TASK TO COMPLETE ▸
Word for word, write the lines below out again, with no pictures.

START RAW DATA

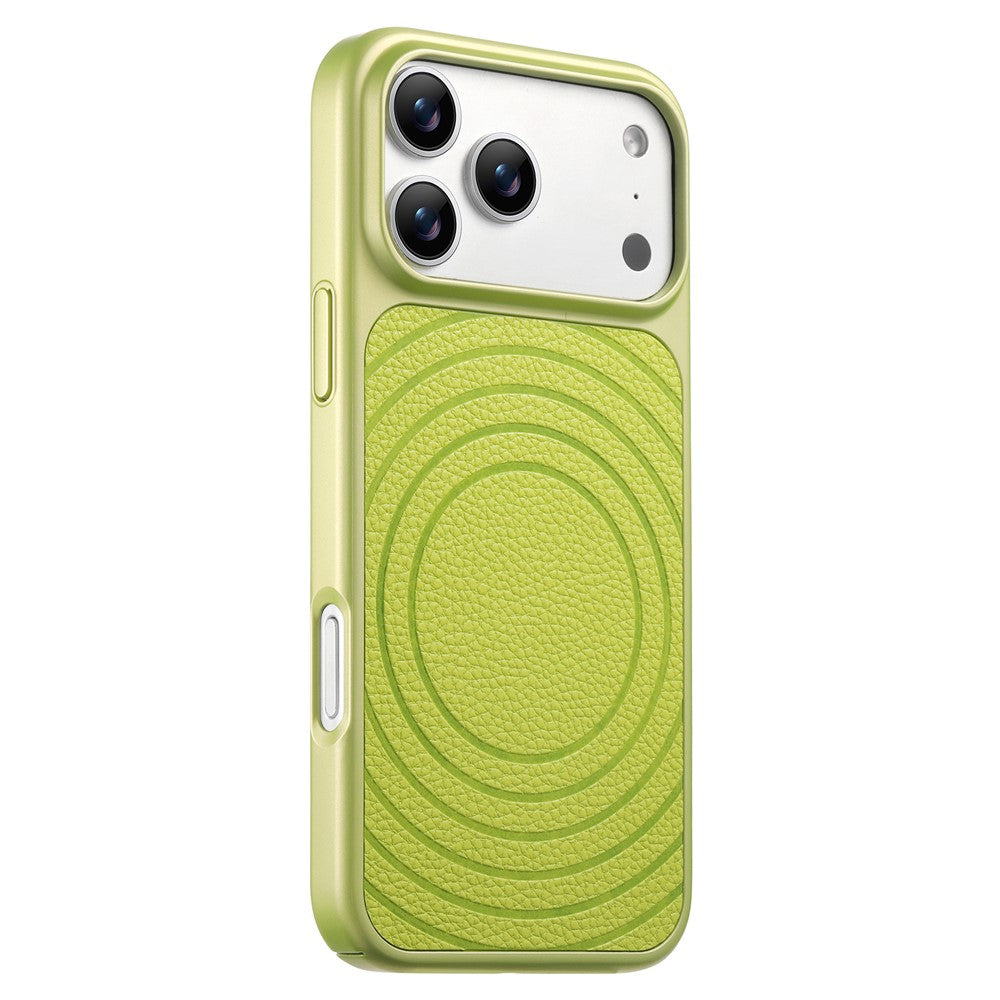 For iPhone 17 Pro Magnetic Case Ripple Pattern Leather Coated PC + TPU Shockproof Back Cover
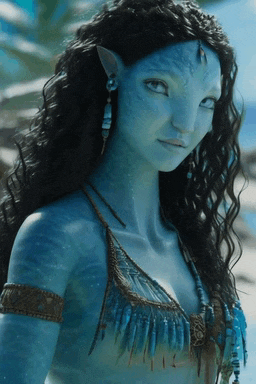 a woman with long blue hair and feathers on her chest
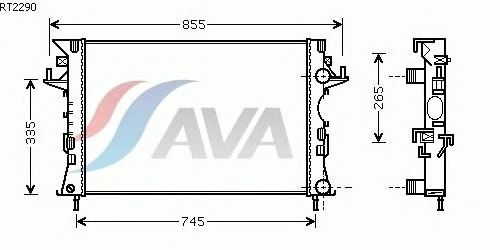 Радиатор, охлаждение двигателя AVA QUALITY COOLING RT2290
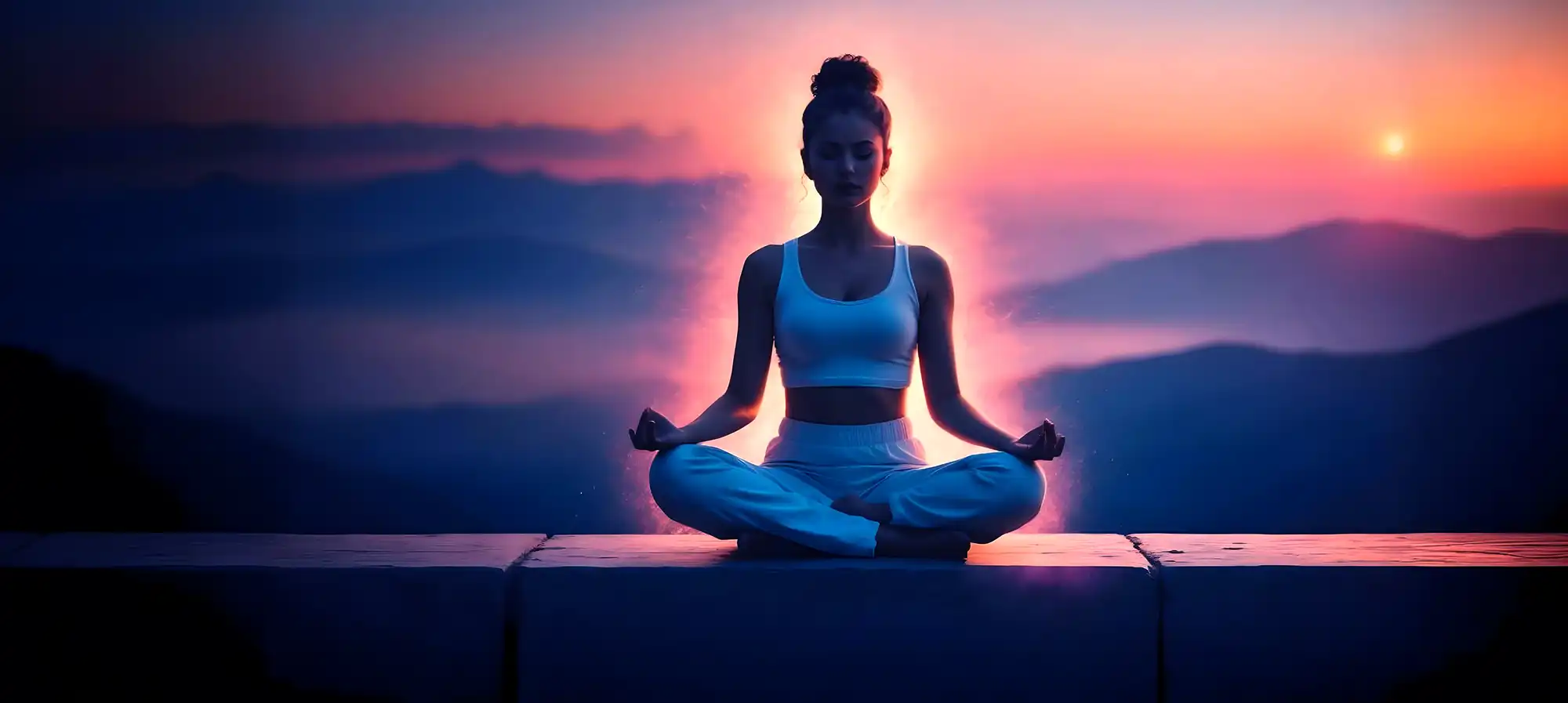 Woman meditating peacefully while controlling her thoughts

END RAW DATA

RESPONSE TO THE EXERCISE ▸
 For iPhone 17 Pro Magnetic Case Ripple Pattern Leather Coated PC + TPU Shockproof Back Cover
 a woman with long blue hair and feathers on her chest
 Радиатор, охлаждение двигателя AVA QUALITY COOLING RT2290
 Woman meditating peacefully while controlling her thoughts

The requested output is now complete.